Carnival Corp. agrees to $18 million fine for illegal dumping

Posted: Sunday, April 21, 2002

MIAMI (AP) -- Carnival Corp., the world's largest cruise ship operator, pleaded guilty Friday to federal ocean pollution charges and agreed to pay $18 million in fines and restitution. The discharges didn't involve Alaska waters.

Carnival admitted that six Carnival Cruise Line ships -- Sensation, Ecstasy, Fantasy, Imagination, Paradise and Tropicale -- illegally discharged oily waste from their bilge tanks in the past five years. The dumping occurred in the Atlantic, Caribbean and Gulf of Mexico from ships that left Florida.

''They thought it was cost effective, that it would save them time and money and would in effect speed the procedure of clearing bilge tanks,'' U.S. Attorney Guy Lewis said.

Shipping lines are required to treat bilge water to reduce oil content to 15 parts per million, or else dispose of it on shore. Carnival crews fooled detection equipment into thinking the level was achieved and kept false record books on discharges, prosecutors said.

In 1999, two other cruise lines, Royal Caribbean Cruises Ltd. and Holland America Line Westours Inc., part of Carnival, were convicted of illegally polluting the Inside Passage. Holland America paid $1 million in fines and $1 million in restitution.

Miami-based Royal Caribbean paid a total of $18 million for dumping in the Caribbean and the Pacific. That came after the company paid $9 million after pleading guilty to similar charges in 1998.

In the Carnival case, the company pleaded guilty to six felony counts of making false statements about discharges to the Coast Guard.

The plea bargain did not cover ships in Carnival's six other lines, but the entire corporation was investigated. Prosecutor Lewis said violations ''were systemic in the corporation.''

Carnival will be on probation for three to five years worldwide and agreed to hire new managers and other personnel as part of an environmental compliance program that Lewis said may cost up to $10 million a year.
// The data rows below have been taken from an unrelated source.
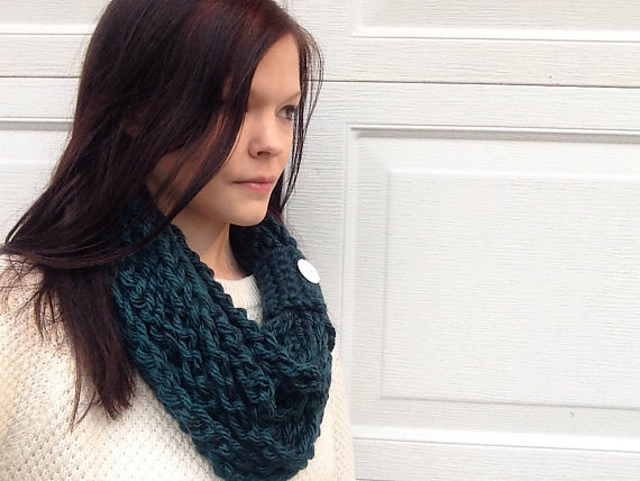 Infinity Chain Scarf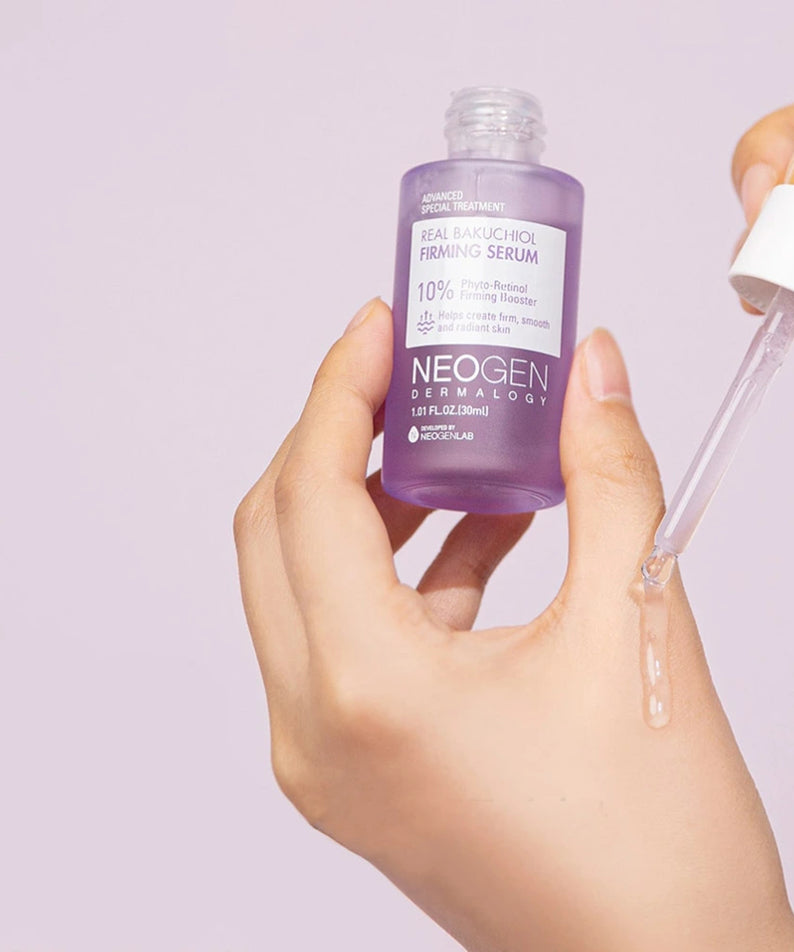 Sérum raffermissant NEOGEN Real Bakuchiol 30ml appliqué sur la main avec un compte-gouttes, soin anti-âge visage.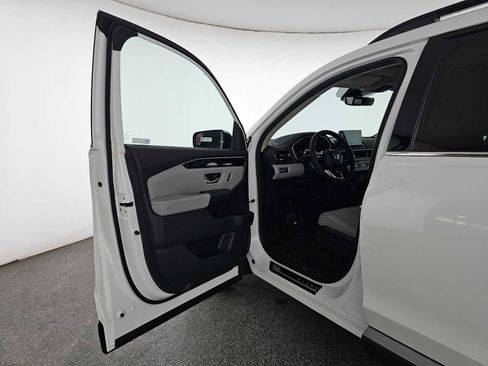 New 2025 Honda Pilot Touring image 23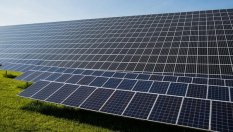 Паркингите във Франция вече задължително със слънчеви панели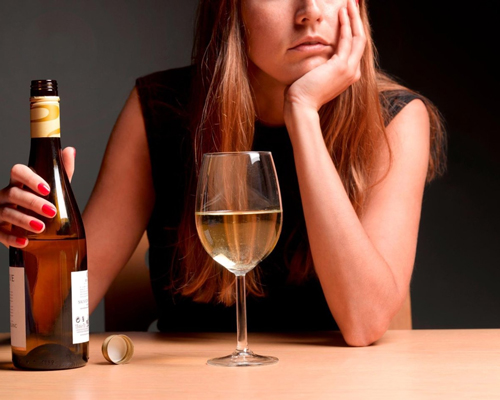 Анонимное лечение женского алкоголизма в Облучье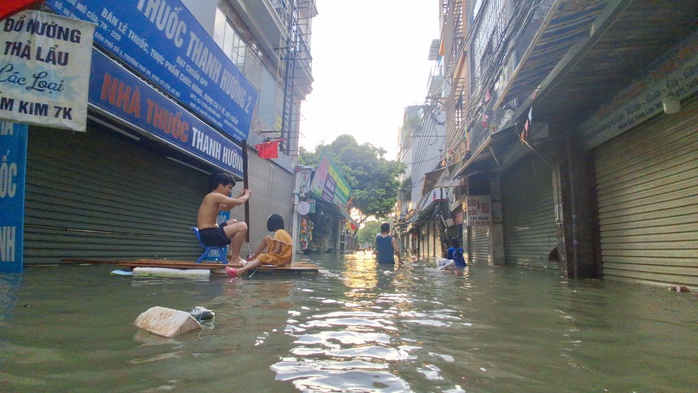 Hà Nội cho 2,3 triệu học sinh nghỉ học ngày 6-10 ứng phó bão số 11 Matmo - Ảnh 1.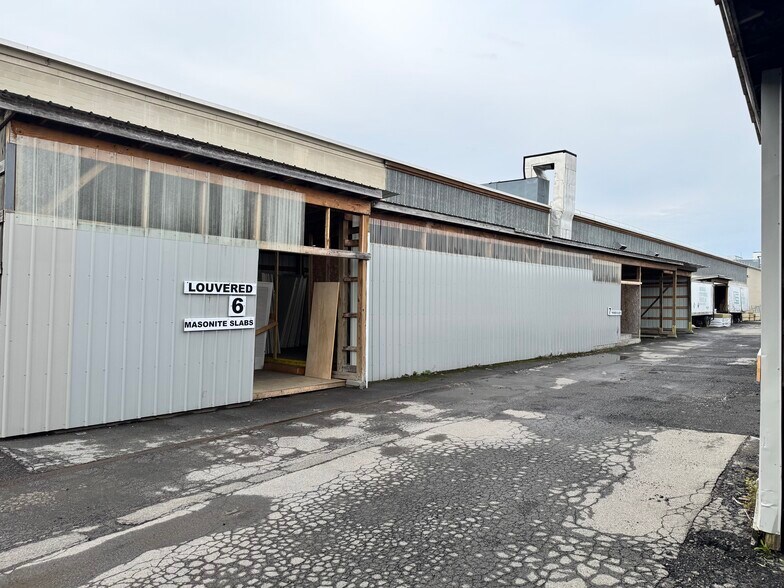 More Photos Of 529-531 Erie W blvd, Rome Industrial For Sale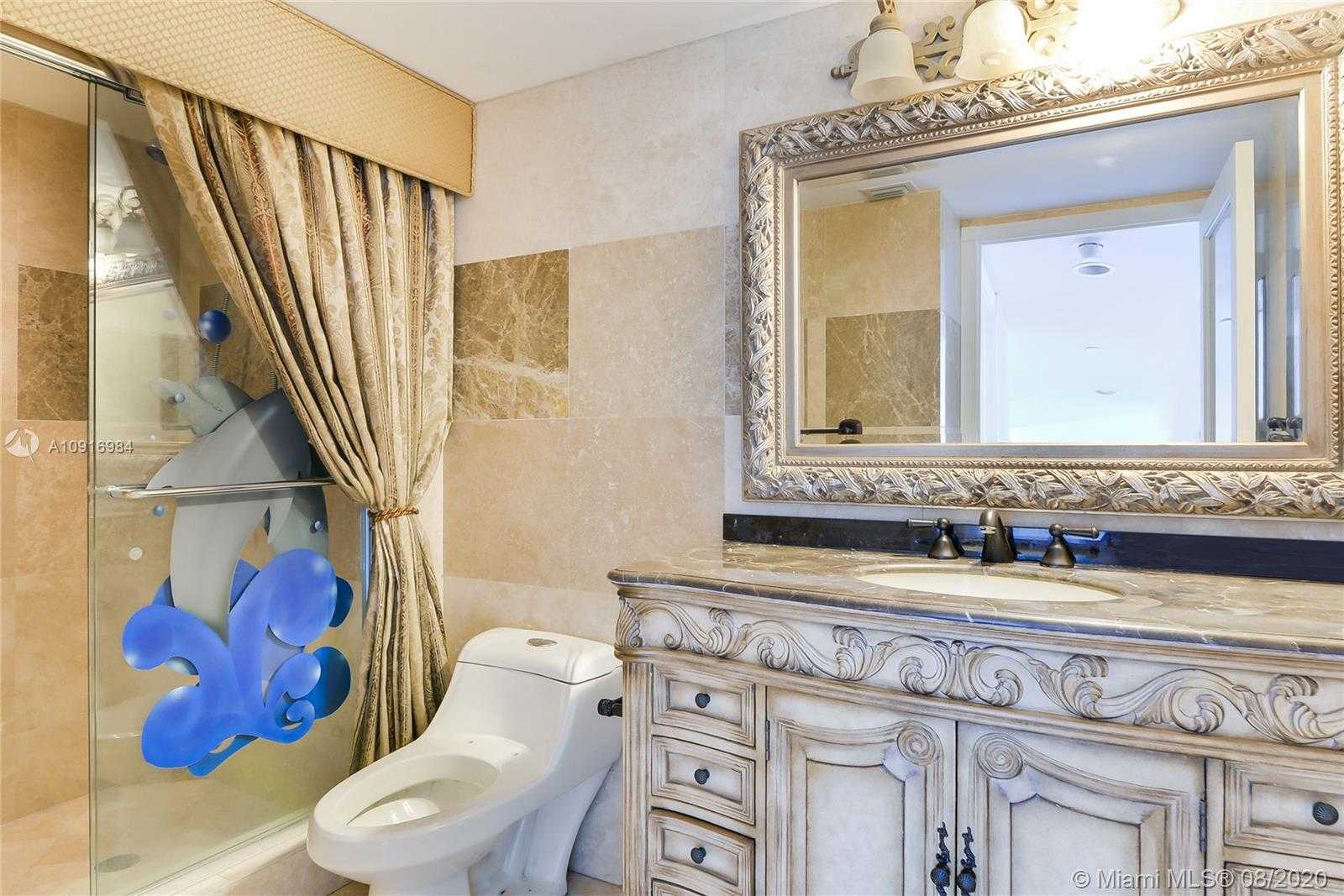 Small Image of 21205 Yacht Club Dr, Aventura, FL 33180, USA Number 7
The company issued a statement Friday saying it accepts responsibility for its crimes and is ''committed to environmental compliance.'' The plea agreement was signed by chairman Micky Arison and vice chairman Howard Frank.

Lewis denied the penalty represents ''chump change'' to a billionaire like Arison, saying, ''It is a fine that stings the company.''

Carnival's structure insulated upper management ''from what the fellow on the ship was doing,'' and onboard training programs were ineffective, prosecutor Diane Patrick said.

Under the plea, Carnival Corp. will appoint a vice president for environmental compliance, and all ships under the company's Carnival, Holland America, Windstar, Cunard, Seabourn and Costa brands will have a full-time environmental officer.

Half of Carnival's penalty was distributed to environmental and community groups, including $2 million to an anti-terrorism task force responsible for port security and $250,000 to the Nature Conservancy, which buys sensitive land for preservation.

The cruise industry, which portrays itself as a vacation playground, is sensitive to criticism that it pollutes the exotic waters its ships travel.

Cruise ships were suspected of causing 172 pollution spills from 1991 through 2000, according to Coast Guard reports. Oil, hydraulic fluid, plastic, paint, food and other waste wound up in U.S. waterways.

Most of the cases were minor and accidental, but prosecutors have regularly pursued criminal charges against the industry from Florida to Alaska.

Under pressure from Alaska lawmakers, some leading cruise lines pledged last year to follow recycling and waste discharge guidelines set by the industry's International Council of Cruise Lines or risk losing their membership.

Several cruise lines, including Carnival subsidiaries, were fined by the state for violations of air quality standards in 2000 and 2001. The biggest penalty was paid by Holland America, which was fined $110,000 with $82,500 suspended contingent on no violations by the Veendam in 2002.

Millions of dollars has been committed by cruise companies in recent years to improving their onboard air and water pollution control.